As the intervention in Libya last year showed, R2P remains a subject of debate and some confusion. POC, whose emergence on the agenda of global policy coincides chronologically with that of R2P, has been markedly less contentious, to the point where its advocates and actors fear contagion from the more politicized R2P. Hence the need for a detailed and nuanced exposition of the points of convergence, overlap, tension and divergence between R2P and POC on the normative, institutional and operational dimensions.

Thus while POC applies to discrete acts of violence against individuals, R2P has a much narrower scope, applying only to mass atrocity crimes. But it is equally true that while peacekeeping operations have an explicit focus on POC, they can also be important R2P actors. Atrocity crimes are often performed by non-state or state-sponsored militias, and peacekeepers can have the capacity to respond. U.N. peacekeeping missions failed to protect 800,000 people killed in the Rwanda genocide in 1994, and 8,000 innocent civilians killed by Serb forces in Srebrenica in 1995. It would be obscene to try to excuse either by saying that R2P-type measures are beyond the remit of U.N. peace operations.

Contrary to the common perception, POC is not strictly limited to situations of armed conflict, as defined by international humanitarian law (IHL). This limitation is applicable to Narrow POC, which refers to the obligations of parties to an armed conflict to distinguish between combatants and civilians, and to avoid targeting or disproportionately harming the latter. Provided for in the instruments of IHL, Narrow POC has specific requirements for its applicability, such as open fighting between two armed forces, both holding territory and having a military structure.

But Broad POC is a policy framework for protection as an activity and an objective. Utilized in different forms by peacekeepers, the Security Council, the U.N. Secretariat and humanitarian agencies, Broad POC draws on Narrow POC to define the types of violence against civilians that it aims to prevent. However, Broad POC extends beyond armed conflict to situations of widespread, grave, lawless violence.

Another error is to claim that POC is a legal concept while R2P is a political concept. In making such a claim in his 2012 report on POC, Secretary General Ban Ki Moon seemed to contradict his 2012 report on R2P and all his previous reports on both POC and R2P. Thus the 2012 report on R2P traces the normative foundations of R2P “in particular, in international humanitarian, refugee and human rights law.”

We align with this position. Both R2P and Broad POC are related to, but extend beyond, the requirements of international law. The four R2P atrocity crimes — war crimes, crimes against humanity, genocide, and ethnic cleansing — have legal definitions in the 1998 Rome Statute and the 1948 Genocide Convention. Some R2P duties — prohibiting complicity in genocide — are found in international law. By recourse to the UN Security Council, even military interventions are made consistent with international law.

Conversely, Broad POC has major elements not specified by international law. The positive duties of peacekeepers to protect and contribute to the protection of civilians are not dictated by international law.
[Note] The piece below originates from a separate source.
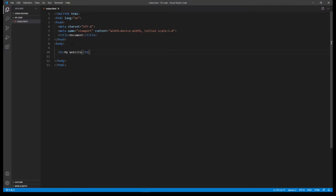Now what this does — these tags — is tell the browser that 'my website' is an H1, or a heading. And these two combined together is what you would call an element.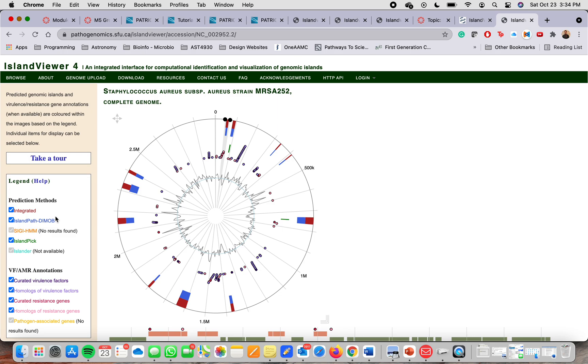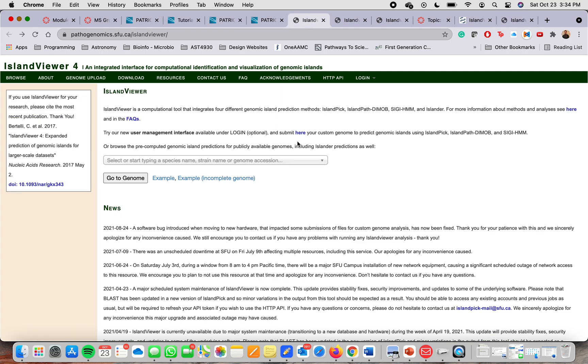Something that I didn't mention before is that this tool will use different prediction methods which provide different types of information. If you're interested in understanding what type of information, you can go here, it tells you.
So too, the Security Council has great discretion over the coercive measures it utilizes to protect civilians, and the situations in which it may employ them.

Next, it is mistakenly believed that, unlike R2P, POC is always impartial, neutral and apolitical. True, R2P is comparatively more politicized than POC, as the presence of atrocities implies a perpetrator that may need to be challenged. Even so, different Broad POC actors operate with different capacities and under different constraints.

Humanitarian POC is impartial and neutral. Peacekeeping POC requires the impartial pursuit of the mandate of the peacekeeping force. This can require acting decisively against perpetrators in violation of neutrality but, as the 2000 Brahimi Report noted, still faithful to U.N. Charter values and principles. While respect for sovereignty is a vital element of international peace, in extreme situations Security Council POC can require coercive measures, that are not neutral between perpetrators and victims of violence, to protect civilians.

The recent report on U.N. inaction in Sri Lanka highlights the need for different POC actors to be aware of their limitations in this respect. Humanitarian POC actors can adopt highly apolitical stances to ensure humanitarian access. As the report stated, however, “the U.N.’s reference to what was ‘political’ seemed to encompass everything related to the root causes of the crisis and aspects of the conduct of the war.” In this situation it was vital to introduce political POC actors, such as the U.N. secretary general and Security Council, which have the authority and capability to challenge unacceptable behavior by a member-state.

Finally, many hold that peacekeepers, humanitarian and human-rights actors may perform specific atrocity-prevention activities, but it is better not to speak of these as R2P activities. This depends on specific factors. In some situations it may needlessly invoke controversy to refer to atrocity-prevention as “R2P.” But the systematic avoidance of R2P language by protection actors would result in R2P only being spoken about as military intervention, to the neglect of building state capacity and providing consensual international assistance to prevent atrocities.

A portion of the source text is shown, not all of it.